The costs of environmental and safety regulations are already significant and compliance with more stringent laws or regulations 
or adverse changes in the interpretation of existing regulations by government agencies could have an adverse effect on the financial 
position and the results of our operations and could require substantial expenditures for the installation and operation of systems 
and equipment that we do not currently possess. 

From time to time, new federal energy policy legislation is enacted by the U.S. Congress. For example, in December 2007, the 
U.S. Congress passed the Energy Independence and Security Act, which, among other provisions, mandates annually increasing 
levels for the use of renewable fuels such as ethanol, commencing in 2008 and escalating for 15 years, as well as increasing energy 
efficiency goals, including higher fuel economy standards for motor vehicles, among other steps. These statutory mandates may 
have the impact over time of offsetting projected increases in the demand for refined petroleum products in certain markets, 
particularly gasoline. In the near term, the new renewable fuel standard presents ethanol production and logistics challenges for 
both the ethanol and refining industries and may require additional capital expenditures or expenses by us to accommodate increased 
ethanol use. Other legislative changes may similarly alter the expected demand and supply projections for refined petroleum 
products in ways that cannot be predicted.

For additional information on regulations and related liabilities or potential liabilities affecting our business, see “Regulation” 
under Items 1 and 2, “Business and Properties,” and Item 3, “Legal Proceedings.” 

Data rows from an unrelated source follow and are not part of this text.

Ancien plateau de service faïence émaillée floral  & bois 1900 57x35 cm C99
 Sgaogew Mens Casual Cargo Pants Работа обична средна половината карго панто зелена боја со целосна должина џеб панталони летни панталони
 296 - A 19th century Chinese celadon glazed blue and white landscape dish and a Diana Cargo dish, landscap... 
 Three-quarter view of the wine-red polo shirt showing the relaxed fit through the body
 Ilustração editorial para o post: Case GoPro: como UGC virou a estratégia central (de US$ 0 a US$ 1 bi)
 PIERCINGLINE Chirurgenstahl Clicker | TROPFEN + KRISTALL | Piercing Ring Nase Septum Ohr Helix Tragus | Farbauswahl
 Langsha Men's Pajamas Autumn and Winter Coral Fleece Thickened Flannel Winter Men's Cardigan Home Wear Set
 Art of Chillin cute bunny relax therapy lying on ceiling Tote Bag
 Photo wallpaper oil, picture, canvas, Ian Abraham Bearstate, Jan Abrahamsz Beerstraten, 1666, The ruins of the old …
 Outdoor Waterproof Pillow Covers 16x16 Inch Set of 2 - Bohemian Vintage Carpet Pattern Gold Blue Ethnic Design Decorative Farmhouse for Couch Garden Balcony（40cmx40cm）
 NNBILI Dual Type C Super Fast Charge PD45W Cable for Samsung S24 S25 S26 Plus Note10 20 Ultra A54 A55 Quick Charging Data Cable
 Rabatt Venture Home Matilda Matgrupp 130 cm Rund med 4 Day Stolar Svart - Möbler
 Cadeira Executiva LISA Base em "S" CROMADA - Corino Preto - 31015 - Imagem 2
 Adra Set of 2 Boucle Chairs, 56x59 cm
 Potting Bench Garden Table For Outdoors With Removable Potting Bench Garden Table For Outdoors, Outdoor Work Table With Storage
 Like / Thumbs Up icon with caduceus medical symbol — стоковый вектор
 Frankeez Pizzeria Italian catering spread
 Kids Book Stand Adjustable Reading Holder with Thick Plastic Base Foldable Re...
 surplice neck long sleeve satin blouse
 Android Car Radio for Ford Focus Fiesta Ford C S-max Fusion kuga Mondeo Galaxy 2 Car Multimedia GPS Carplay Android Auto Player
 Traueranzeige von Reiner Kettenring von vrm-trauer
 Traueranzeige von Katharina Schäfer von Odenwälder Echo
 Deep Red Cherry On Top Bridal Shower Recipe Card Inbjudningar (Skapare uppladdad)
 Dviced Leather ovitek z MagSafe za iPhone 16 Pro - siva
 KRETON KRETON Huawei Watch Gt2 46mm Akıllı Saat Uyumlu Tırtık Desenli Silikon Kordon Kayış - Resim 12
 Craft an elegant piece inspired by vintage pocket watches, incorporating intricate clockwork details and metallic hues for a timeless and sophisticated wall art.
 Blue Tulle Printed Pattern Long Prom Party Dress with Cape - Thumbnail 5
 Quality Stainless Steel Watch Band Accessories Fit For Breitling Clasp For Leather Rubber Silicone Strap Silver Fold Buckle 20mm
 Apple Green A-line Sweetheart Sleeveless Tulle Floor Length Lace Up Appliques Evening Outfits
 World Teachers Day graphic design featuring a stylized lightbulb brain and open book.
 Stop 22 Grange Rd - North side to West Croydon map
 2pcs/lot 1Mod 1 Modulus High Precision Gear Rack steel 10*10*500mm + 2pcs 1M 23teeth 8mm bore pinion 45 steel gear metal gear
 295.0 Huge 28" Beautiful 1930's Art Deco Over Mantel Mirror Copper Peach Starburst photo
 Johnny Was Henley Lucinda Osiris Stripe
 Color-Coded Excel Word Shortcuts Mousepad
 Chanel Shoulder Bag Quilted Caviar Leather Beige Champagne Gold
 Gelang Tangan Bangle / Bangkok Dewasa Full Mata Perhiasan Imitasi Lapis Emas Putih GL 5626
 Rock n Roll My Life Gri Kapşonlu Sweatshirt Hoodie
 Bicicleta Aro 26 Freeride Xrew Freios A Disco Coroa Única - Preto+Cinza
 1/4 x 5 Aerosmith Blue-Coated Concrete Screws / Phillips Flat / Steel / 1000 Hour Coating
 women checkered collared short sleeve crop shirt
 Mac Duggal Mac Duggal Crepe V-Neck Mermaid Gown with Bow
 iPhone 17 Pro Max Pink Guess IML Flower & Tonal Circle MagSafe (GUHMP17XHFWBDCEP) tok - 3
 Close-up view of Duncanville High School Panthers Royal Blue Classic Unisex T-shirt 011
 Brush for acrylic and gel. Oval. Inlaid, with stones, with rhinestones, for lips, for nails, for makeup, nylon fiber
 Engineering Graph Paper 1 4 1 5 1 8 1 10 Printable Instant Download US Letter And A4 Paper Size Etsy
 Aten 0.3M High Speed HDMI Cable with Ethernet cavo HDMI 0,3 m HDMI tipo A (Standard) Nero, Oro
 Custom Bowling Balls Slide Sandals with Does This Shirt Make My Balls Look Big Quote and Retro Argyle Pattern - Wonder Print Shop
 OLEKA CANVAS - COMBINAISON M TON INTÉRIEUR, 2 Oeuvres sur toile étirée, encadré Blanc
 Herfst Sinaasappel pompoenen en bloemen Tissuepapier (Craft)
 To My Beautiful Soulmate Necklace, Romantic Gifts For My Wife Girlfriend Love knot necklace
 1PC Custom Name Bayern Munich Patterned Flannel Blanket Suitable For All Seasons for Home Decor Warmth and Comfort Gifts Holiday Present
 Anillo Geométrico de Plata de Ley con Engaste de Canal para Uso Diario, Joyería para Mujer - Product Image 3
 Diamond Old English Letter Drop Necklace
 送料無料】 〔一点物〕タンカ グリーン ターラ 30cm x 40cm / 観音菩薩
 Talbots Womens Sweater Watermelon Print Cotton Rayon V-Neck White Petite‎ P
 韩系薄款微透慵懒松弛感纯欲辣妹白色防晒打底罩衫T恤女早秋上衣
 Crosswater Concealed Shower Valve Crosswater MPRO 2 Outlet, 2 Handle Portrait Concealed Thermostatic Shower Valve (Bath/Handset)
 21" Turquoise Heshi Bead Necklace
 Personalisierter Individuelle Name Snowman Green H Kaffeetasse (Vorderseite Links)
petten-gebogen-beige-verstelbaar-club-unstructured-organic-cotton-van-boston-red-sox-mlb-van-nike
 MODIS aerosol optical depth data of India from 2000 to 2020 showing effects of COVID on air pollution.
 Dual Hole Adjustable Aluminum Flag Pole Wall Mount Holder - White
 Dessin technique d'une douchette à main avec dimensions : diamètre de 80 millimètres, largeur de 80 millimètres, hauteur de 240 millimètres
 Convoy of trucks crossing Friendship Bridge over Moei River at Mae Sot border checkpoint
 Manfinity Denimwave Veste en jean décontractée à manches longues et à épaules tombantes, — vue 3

The adoption of climate change legislation by Congress could result in increased operating costs and reduced demand for the 
refined products we produce.

In December 2009, the EPA determined that emissions of carbon dioxide, methane and other GHGs present an endangerment to 
public health and the environment because emissions of such gases are, according to the EPA, contributing to warming of the 
earth's atmosphere and other climatic changes. Based on these findings, the EPA has begun adopting and implementing regulations 
to restrict emissions of GHGs under existing provisions of the federal CAA. The EPA also adopted two sets of rules regulating 
GHG emissions under the CAA, one of which requires a reduction in emissions of GHGs from motor vehicles and the other of 
which may require permits for emissions of GHGs from certain large stationary sources. The EPA’s rules relating to emissions of 
GHGs from large stationary sources of emissions were upheld by the D.C. Circuit, but numerous parties are expected to seek U.S. 
Supreme Court review of that decision in 2013. The EPA has also adopted rules requiring the reporting of GHG emissions from 
specified large GHG emission sources in the United States, including petroleum refineries, on an annual basis. The EPA has also 
announced its intention to issue a New Source Performance Standard directly regulating GHG emissions from refineries.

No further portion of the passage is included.